SEACrowd / seacrowd-datahub

A collaborative project to collect datasets in SEA languages, SEA regions, or SEA cultures.
Apache License 2.0
64 stars 57 forks source link

Closes #425 | Add Dataloader MaXM #554

Closed akhdanfadh closed 4 months ago

akhdanfadh commented 6 months ago

Closes #425

There is no subset specified in the homepage, but there are two files for one language: (1) regular QA, and (2) yes-no QA. I assumed each should be a subset (open to discuss).
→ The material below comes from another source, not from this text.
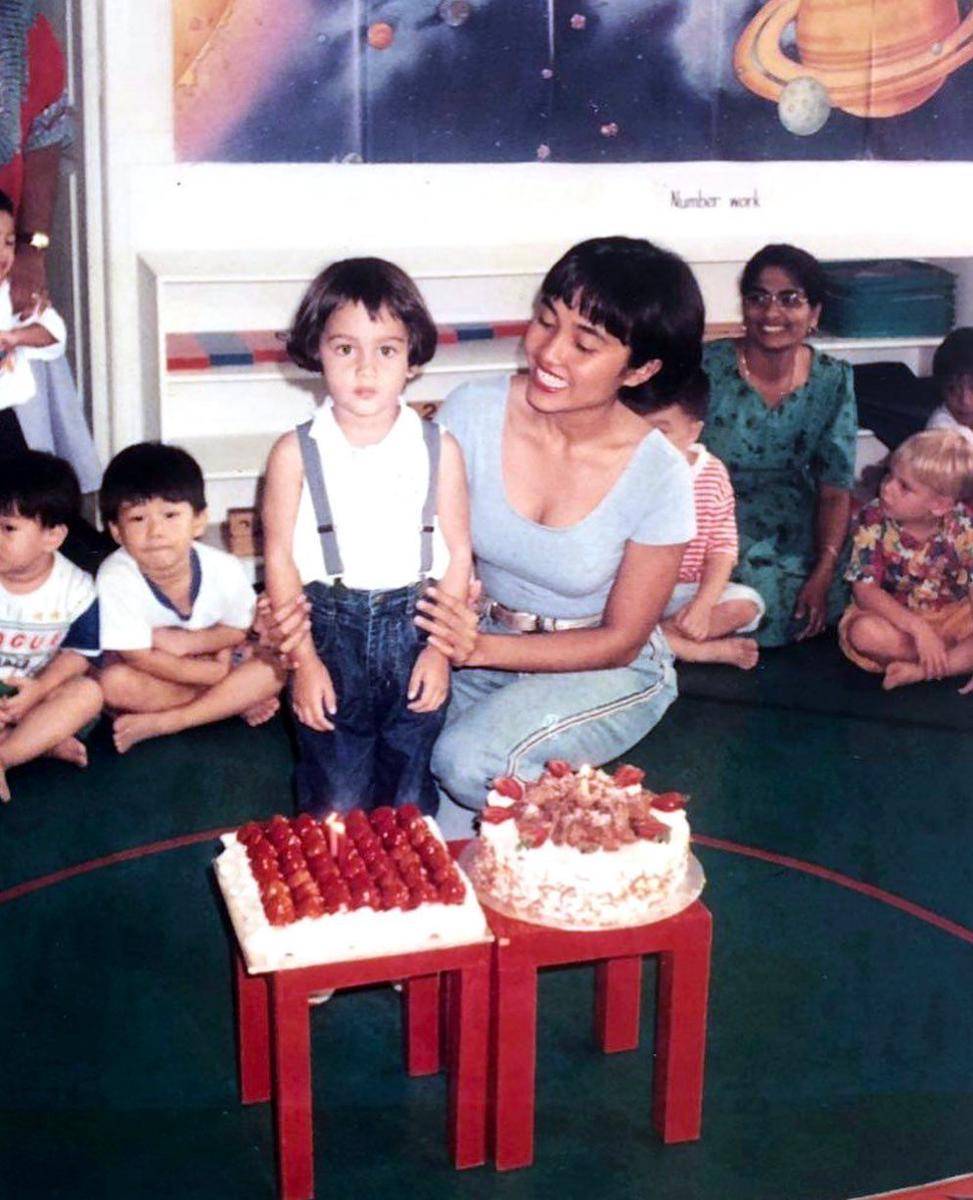 Potret masa kecil artis blasteran dengan ibu asli Indonesia (instagram.com/herdianak)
Thus, configs will look like this: maxm_regular_source, maxm_yesno_seacrowd_imqa, etc. When testing, pass maxm_<subset> to the --subset_id parameter.

Checkbox

akhdanfadh commented 5 months ago

I think there is a better way to indicate whether to use the "source" schema or the "imqa" schema instead of doing string concatenation. I advise to do a simple conditioning instead.

@faridlazuarda I don't understand the problem here. Are you sure you pass either maxm_regular or maxm_yesno to the --subset_id parameter for testing?

Edit:

ValueError: BuilderConfig 'maxm_regular_imqa_source' not found.

The problem is here, you pass maxm_regular_imqa instead of above I mentioned.